● **Information shown**

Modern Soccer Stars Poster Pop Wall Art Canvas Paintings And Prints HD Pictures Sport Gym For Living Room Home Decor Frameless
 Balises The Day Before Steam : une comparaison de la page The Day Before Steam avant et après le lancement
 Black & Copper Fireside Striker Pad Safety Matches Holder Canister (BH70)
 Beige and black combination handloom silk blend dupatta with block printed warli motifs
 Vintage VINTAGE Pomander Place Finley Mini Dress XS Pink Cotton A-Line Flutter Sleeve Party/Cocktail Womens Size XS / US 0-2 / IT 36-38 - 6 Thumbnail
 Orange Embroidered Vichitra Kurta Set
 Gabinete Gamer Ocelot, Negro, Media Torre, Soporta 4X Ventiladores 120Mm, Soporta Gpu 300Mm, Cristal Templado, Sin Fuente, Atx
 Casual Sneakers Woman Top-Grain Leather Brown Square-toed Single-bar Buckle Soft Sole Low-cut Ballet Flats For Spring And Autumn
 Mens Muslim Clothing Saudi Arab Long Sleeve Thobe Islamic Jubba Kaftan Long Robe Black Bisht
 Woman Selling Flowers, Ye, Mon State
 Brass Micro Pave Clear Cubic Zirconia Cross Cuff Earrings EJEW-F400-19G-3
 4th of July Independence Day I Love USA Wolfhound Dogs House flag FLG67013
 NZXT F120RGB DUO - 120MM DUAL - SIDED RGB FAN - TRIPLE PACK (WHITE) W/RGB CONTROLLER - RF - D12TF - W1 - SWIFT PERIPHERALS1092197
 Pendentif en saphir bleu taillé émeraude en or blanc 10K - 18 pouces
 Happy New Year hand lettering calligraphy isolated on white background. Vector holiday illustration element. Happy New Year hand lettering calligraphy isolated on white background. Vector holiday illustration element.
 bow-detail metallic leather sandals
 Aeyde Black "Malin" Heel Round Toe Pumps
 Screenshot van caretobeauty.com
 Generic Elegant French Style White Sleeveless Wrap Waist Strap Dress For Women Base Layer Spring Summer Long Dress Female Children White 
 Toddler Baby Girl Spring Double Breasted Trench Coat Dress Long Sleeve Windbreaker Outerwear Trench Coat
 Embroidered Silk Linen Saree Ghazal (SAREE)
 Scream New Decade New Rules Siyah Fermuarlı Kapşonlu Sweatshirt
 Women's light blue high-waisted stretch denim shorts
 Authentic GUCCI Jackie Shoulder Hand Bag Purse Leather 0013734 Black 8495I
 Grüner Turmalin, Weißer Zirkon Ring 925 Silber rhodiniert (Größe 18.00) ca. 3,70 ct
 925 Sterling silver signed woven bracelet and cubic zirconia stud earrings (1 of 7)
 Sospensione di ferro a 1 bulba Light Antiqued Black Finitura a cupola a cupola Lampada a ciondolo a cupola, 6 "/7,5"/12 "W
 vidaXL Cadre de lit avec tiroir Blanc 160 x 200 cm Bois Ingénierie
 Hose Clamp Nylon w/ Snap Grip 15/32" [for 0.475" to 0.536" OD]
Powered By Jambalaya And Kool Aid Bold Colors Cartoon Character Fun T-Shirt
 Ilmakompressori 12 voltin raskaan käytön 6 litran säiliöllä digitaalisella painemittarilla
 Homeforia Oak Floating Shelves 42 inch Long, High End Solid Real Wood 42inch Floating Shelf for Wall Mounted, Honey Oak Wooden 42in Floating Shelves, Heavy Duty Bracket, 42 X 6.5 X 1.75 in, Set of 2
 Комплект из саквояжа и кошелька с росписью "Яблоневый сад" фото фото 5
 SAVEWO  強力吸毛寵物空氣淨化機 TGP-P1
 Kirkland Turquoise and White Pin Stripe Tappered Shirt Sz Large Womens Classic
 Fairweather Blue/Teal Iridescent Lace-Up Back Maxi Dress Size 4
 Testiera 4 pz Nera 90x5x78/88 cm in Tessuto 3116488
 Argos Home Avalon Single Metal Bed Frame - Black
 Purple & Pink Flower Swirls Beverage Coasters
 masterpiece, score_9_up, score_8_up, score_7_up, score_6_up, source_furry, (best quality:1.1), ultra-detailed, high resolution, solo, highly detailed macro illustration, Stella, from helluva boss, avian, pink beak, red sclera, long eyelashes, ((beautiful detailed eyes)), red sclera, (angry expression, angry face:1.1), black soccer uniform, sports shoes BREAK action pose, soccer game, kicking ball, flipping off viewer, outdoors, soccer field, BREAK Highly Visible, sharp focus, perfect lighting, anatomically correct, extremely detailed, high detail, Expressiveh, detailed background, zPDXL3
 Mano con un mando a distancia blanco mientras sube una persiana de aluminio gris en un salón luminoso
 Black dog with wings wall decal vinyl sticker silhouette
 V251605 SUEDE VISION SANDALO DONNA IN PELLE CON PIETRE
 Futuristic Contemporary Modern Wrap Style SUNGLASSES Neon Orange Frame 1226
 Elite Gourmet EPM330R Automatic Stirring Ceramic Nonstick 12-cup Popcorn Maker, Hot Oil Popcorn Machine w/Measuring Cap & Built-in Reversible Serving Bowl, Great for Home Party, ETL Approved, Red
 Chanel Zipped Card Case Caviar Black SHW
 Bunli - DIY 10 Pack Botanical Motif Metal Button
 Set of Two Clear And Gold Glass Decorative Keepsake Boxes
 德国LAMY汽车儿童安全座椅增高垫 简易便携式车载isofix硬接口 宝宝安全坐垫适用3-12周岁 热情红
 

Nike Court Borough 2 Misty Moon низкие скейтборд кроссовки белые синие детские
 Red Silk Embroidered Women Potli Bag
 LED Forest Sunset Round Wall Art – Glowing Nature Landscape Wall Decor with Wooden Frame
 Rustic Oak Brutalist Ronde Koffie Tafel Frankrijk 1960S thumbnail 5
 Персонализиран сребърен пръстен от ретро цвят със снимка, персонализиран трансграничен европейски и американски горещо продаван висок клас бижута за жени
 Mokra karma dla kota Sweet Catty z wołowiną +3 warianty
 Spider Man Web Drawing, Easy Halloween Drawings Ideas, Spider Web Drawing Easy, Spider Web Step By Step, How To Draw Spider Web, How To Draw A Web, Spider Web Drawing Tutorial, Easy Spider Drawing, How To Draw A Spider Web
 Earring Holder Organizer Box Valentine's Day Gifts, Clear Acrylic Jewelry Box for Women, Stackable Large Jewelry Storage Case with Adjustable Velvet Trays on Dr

● **What the task asks**
With the first line being the one containing "Fairweather Blue/Teal Iridescent" and the last line the one containing "detailed background, zPDXL3", transcribe exactly the lines above that fall in that range.

● **Solution to the problem**
 Fairweather Blue/Teal Iridescent Lace-Up Back Maxi Dress Size 4
 Testiera 4 pz Nera 90x5x78/88 cm in Tessuto 3116488
 Argos Home Avalon Single Metal Bed Frame - Black
 Purple & Pink Flower Swirls Beverage Coasters
 masterpiece, score_9_up, score_8_up, score_7_up, score_6_up, source_furry, (best quality:1.1), ultra-detailed, high resolution, solo, highly detailed macro illustration, Stella, from helluva boss, avian, pink beak, red sclera, long eyelashes, ((beautiful detailed eyes)), red sclera, (angry expression, angry face:1.1), black soccer uniform, sports shoes BREAK action pose, soccer game, kicking ball, flipping off viewer, outdoors, soccer field, BREAK Highly Visible, sharp focus, perfect lighting, anatomically correct, extremely detailed, high detail, Expressiveh, detailed background, zPDXL3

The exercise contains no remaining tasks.